• What you need to do: Return, exactly and with nothing added, the line with "Providence Soundtrack (Miklós" together with all lines after it through the end of the data below. No pictures belong in the copy.
***** Dataset extract
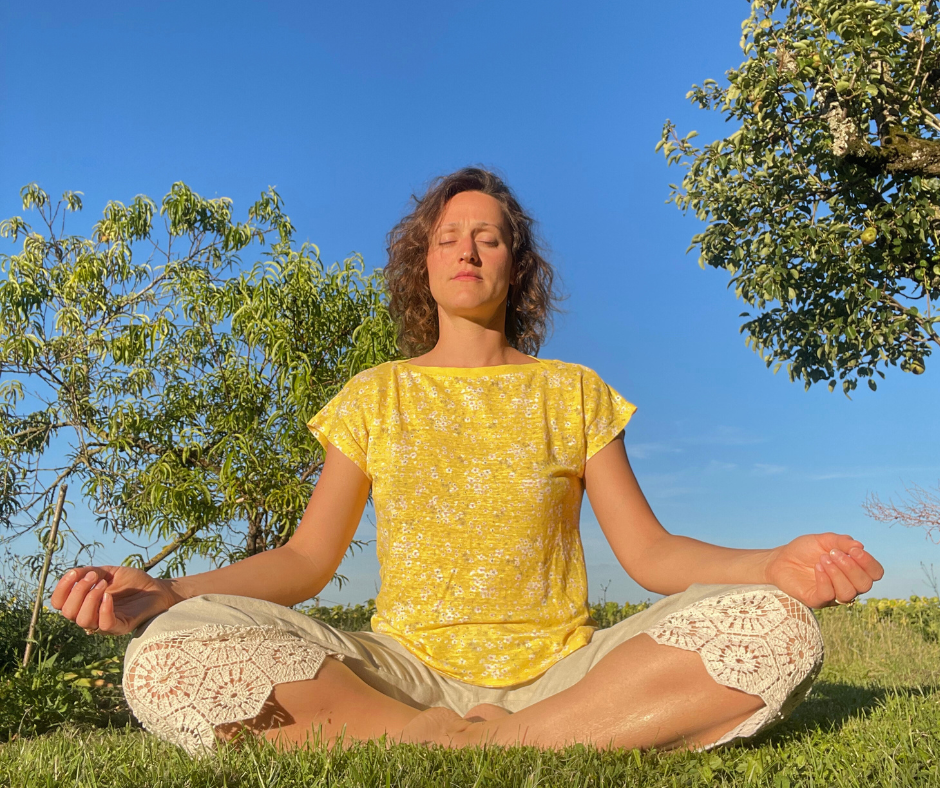 Mon YOGA quotidien, mouvement pour la santé au naturel créé en 2023 par Lucie Paimblanc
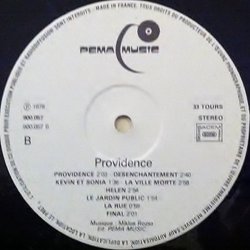 Providence Soundtrack (Miklós Rózsa) - cd-inlay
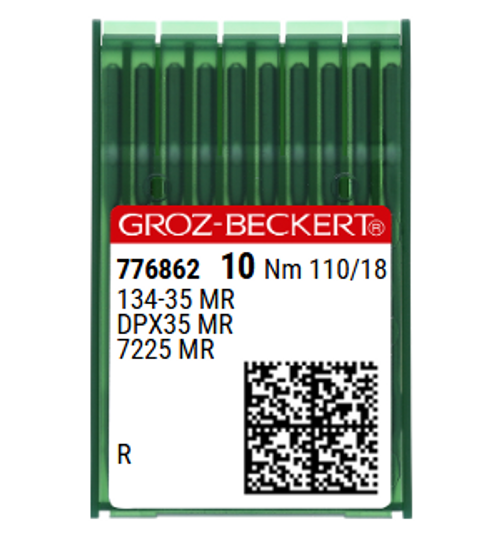 Groz Beckert MR4 134-35R Size 110 NM 110 Size 18 Multidirectional Sewing Industrial Needles Pack of 10 Groz Beckert MR4 134-35R Size 110 NM 110 Size 18 Multidirectional Sewing Industrial Needles Pack of 10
**********
• Solved problem:
 Providence Soundtrack (Miklós Rózsa) - cd-inlay
 Groz Beckert MR4 134-35R Size 110 NM 110 Size 18 Multidirectional Sewing Industrial Needles Pack of 10 Groz Beckert MR4 134-35R Size 110 NM 110 Size 18 Multidirectional Sewing Industrial Needles Pack of 10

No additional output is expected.